HealthDay News — Telemedicine and in-person diagnoses of new clinical complaints yield high diagnostic concordance, according to a study published online Sept. 2 in JAMA Network Open.
Bart M. Demaerschalk, M.D., from the Mayo Clinic College of Medicine and Science in Phoenix, and colleagues compared the concordance of provisional diagnoses established at a video telemedicine visit to diagnoses established at an in-person visit for patients presenting with a new clinical problem. The analysis included 2,393 patients seen at multiple sites (December 2020 to June 2021) within a single health care system.

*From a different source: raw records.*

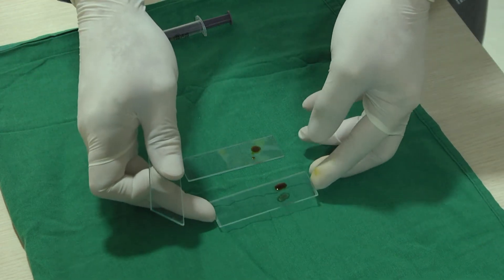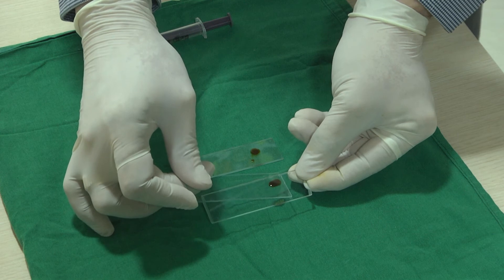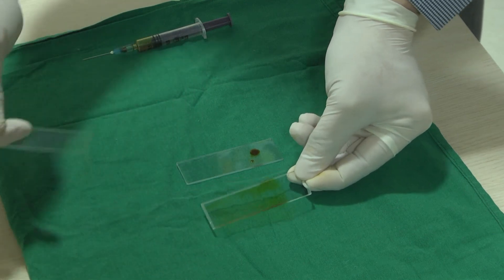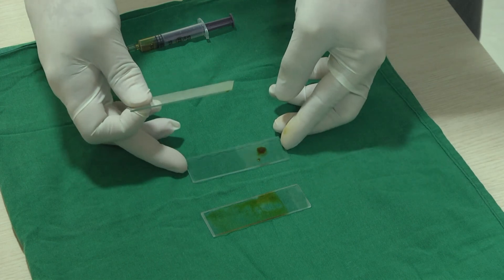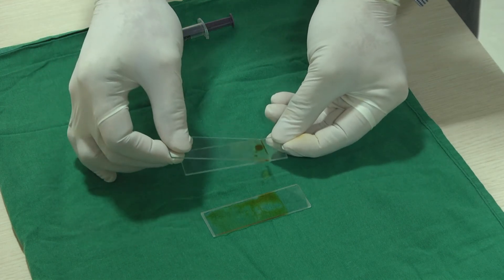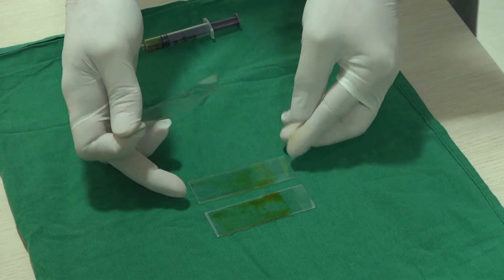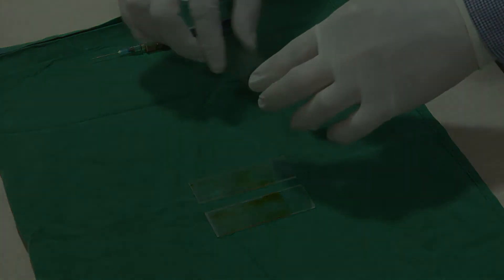A fresh slide is taken, touched to the drop, and a smear is prepared. This is air dried, labeled, and sent to the pathologist for examination.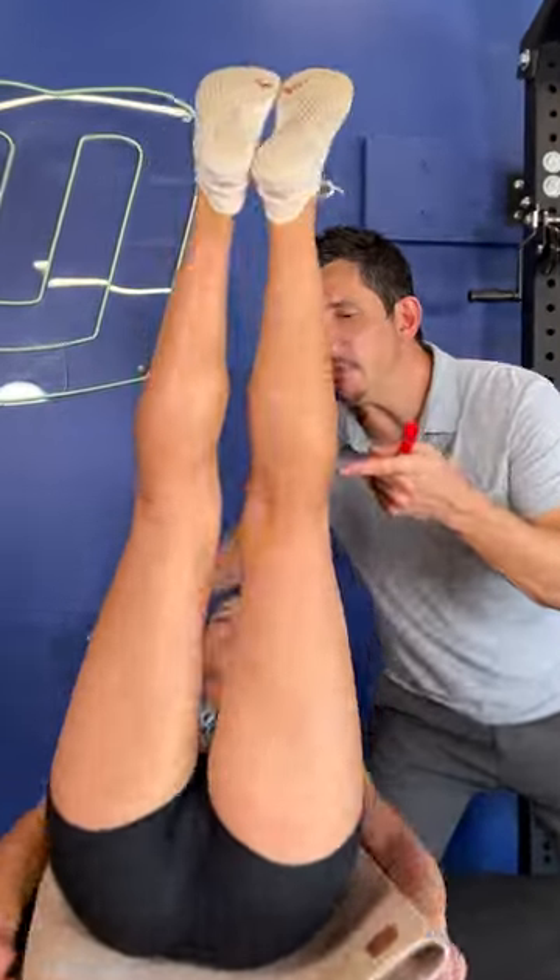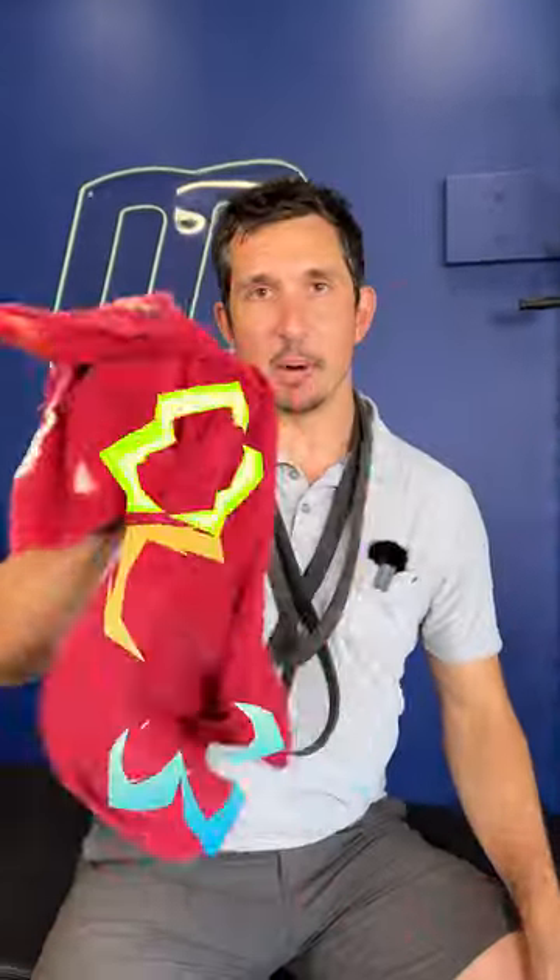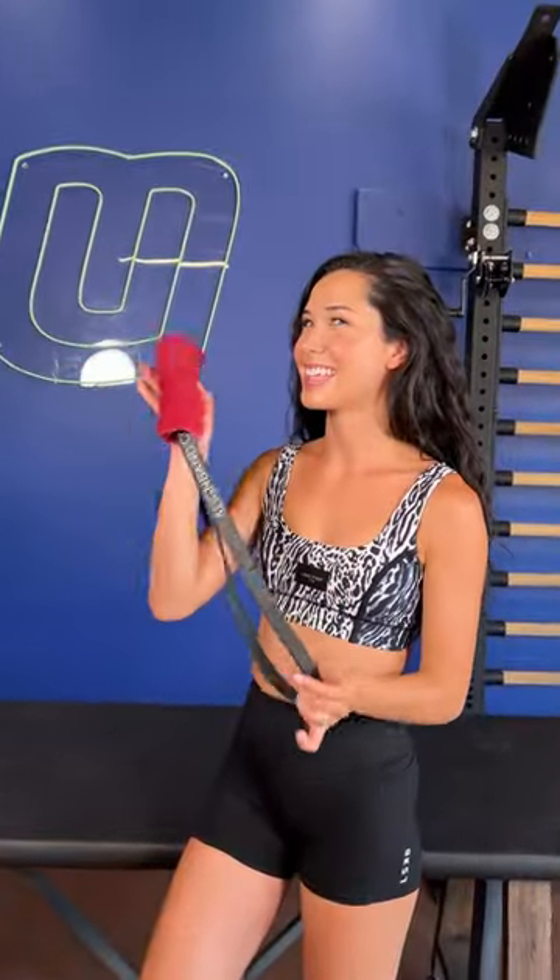Do you have tight, painful knees on the side, on the front, the other side, or the back? You're going to need this and a small towel. Roll it up real tight and make this.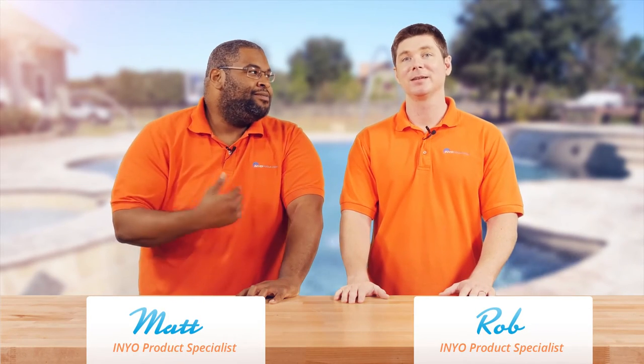Hello and welcome back to another poolside chat presented by InnoPools.com. I'm Rob, and I'm Matthew, the one and only Matt.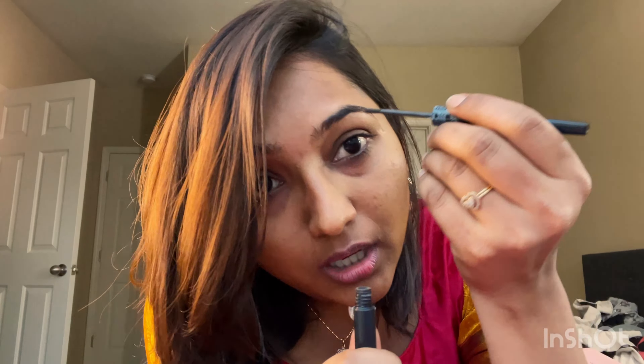The one from Sugar for my eyebrows. I'm filling in wherever there are some gaps.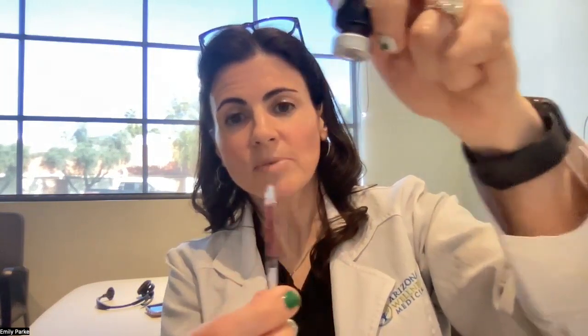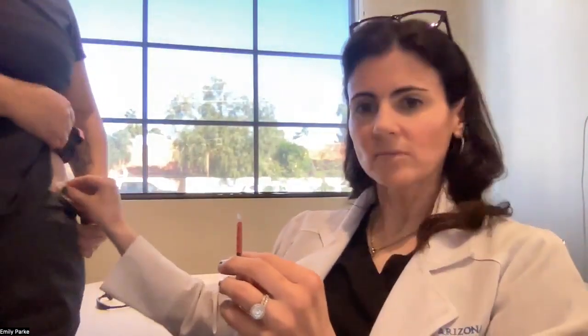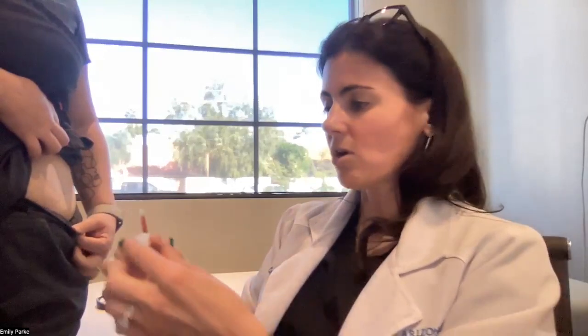Then you can remove the syringe from the vial and set the vial down. You're going to want to get another alcohol pad and clean off an area around the tummy. I like to start in the center and go from the center out to make sure it's all clean.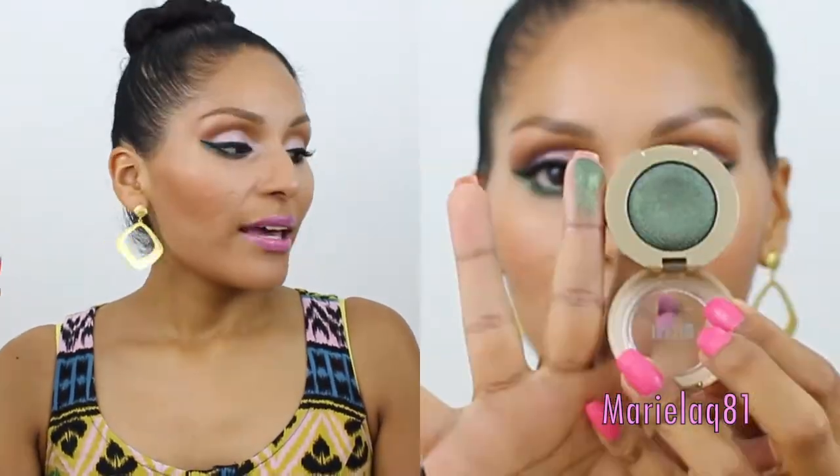Hi guys, welcome back to my channel! Today's video is going to be another tutorial. I just recently picked up two Milani eyeshadows — these are the Vela Eyes gel powder eyeshadow. I have the Vela Pink and the Vela Emerald, and as you can see they are gorgeous colors with a shimmery finish: a light baby pink and a really beautiful gorgeous emerald green eyeshadow.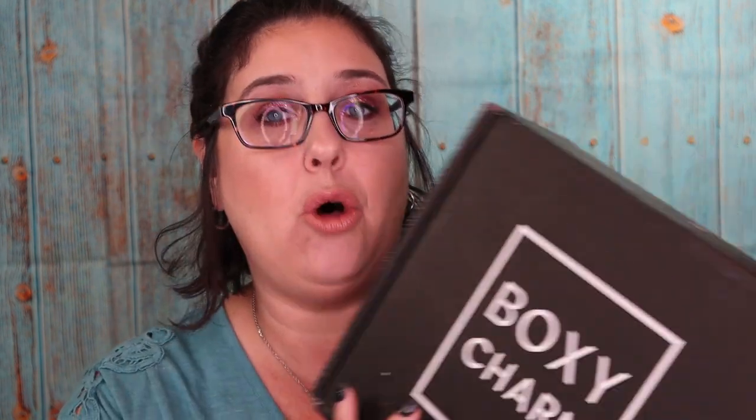So this is a new subscription for BoxyCharm. BoxyCharm now has the regular subscription which is $25 a month, they have the BoxyLux which is $50 and that is every three months, and they now have BoxyCharm Premium which is $35. I was put on a wait list and I was very happy that I ended up getting charged for this, because I had no idea until I got charged at the end of last month that I actually got it. So let's open it up.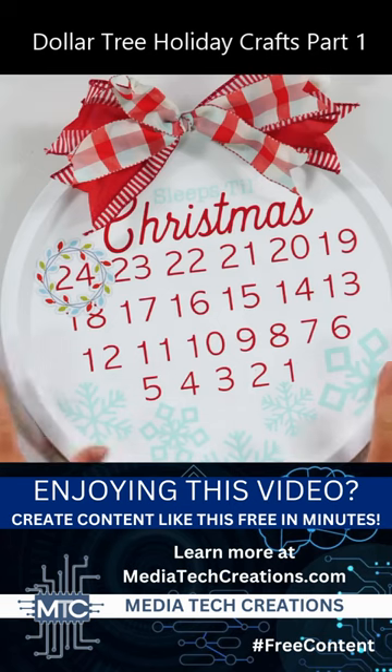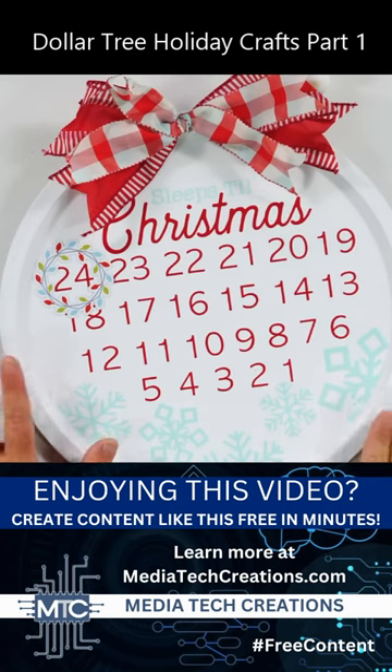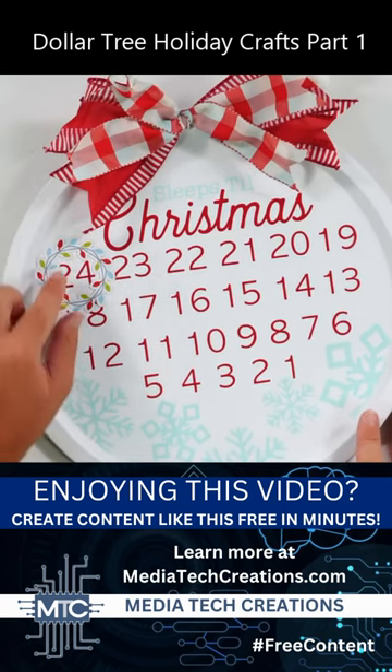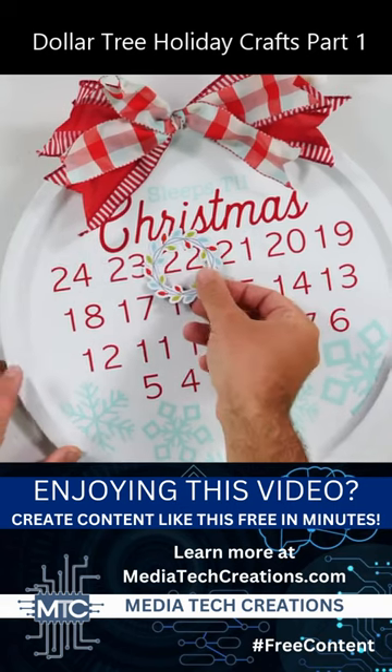So what this is — we were actually able to take a pizza pan and turn it into an amazing Cricut Christmas countdown. I love this. This is one of my favorite things ever to do. We were able to put a magnet on here so you're able to take the magnet and just move it around each day.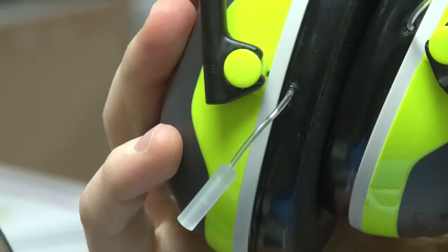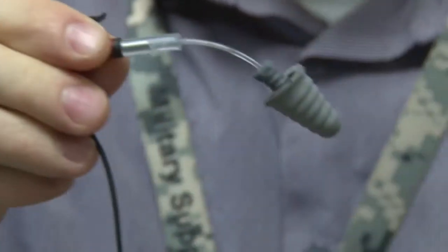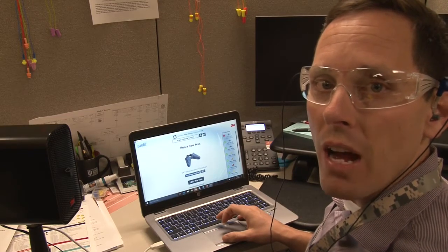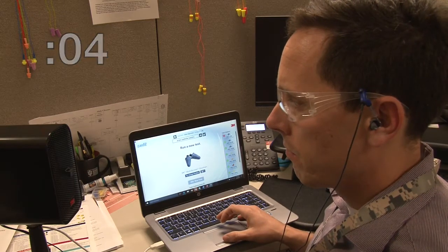You simply have the worker put on the hearing protector with the equipped test probes. You attach the specialized microphones, and they begin the test. After a short blast of noise, the software displays the results within 5 seconds. Good.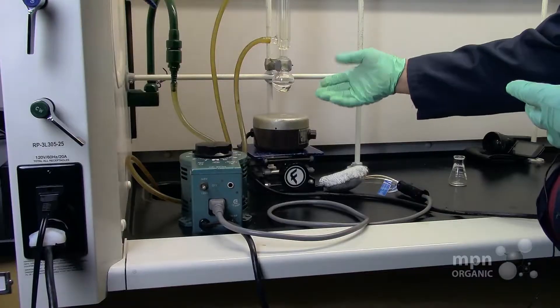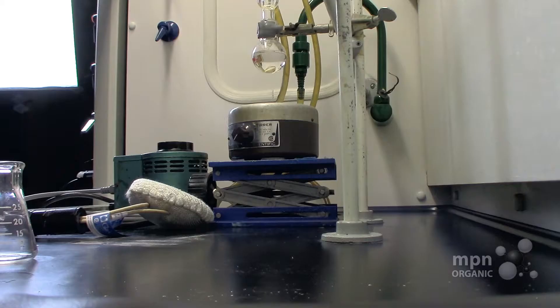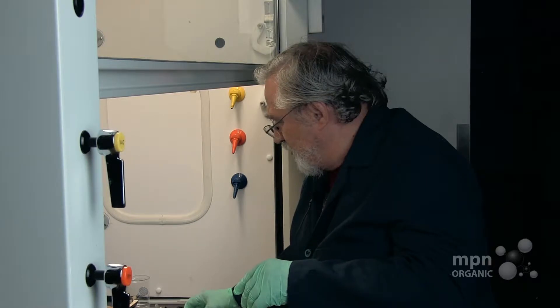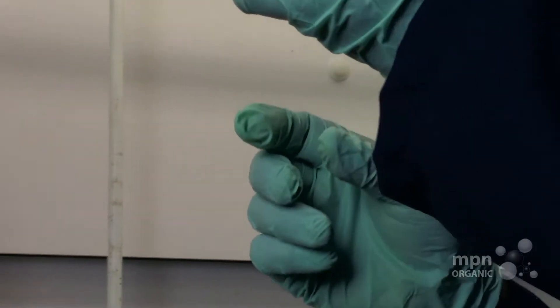Building on our skill at setting up a reflux condenser, we're going to take this same sort of building block and turn it into a distillation apparatus. We're going to need a couple more items to do this: a three-way connector, which you have in your equipment, and a distillation takeoff.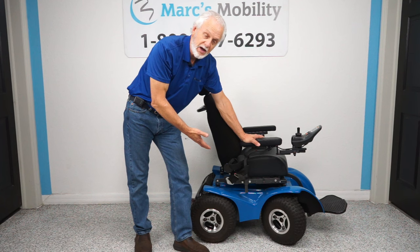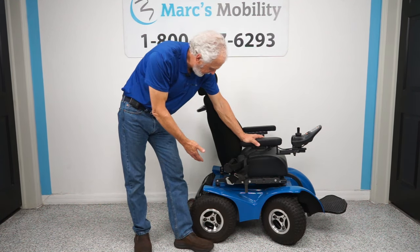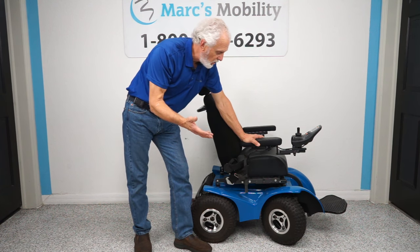This one has new tires. This chair was used — a gentleman had this chair and then got a brand new one. We don't know how many miles are on it; it doesn't show on the joystick. It was used, but he did put new tires on it and it runs like new.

The researchers found that the provisional diagnosis established over video telemedicine visit was concordant with the in-person reference standard diagnosis in 86.9 percent of cases. The concordance of diagnostic codes ranged from 64.7 percent for diseases of the ear and mastoid process to 96.8 percent for neoplasms. By specialty, diagnostic concordance ranged from 77.3 percent for otorhinolaryngology to 96.0 percent for psychiatry. Compared with primary care, specialty care was significantly more likely to result in video telemedicine diagnoses concordant with a subsequent in-person visit.
“These findings suggest that video telemedicine visits yield a high degree of diagnostic concordance to in-person visits for most new clinical concerns,” the authors write.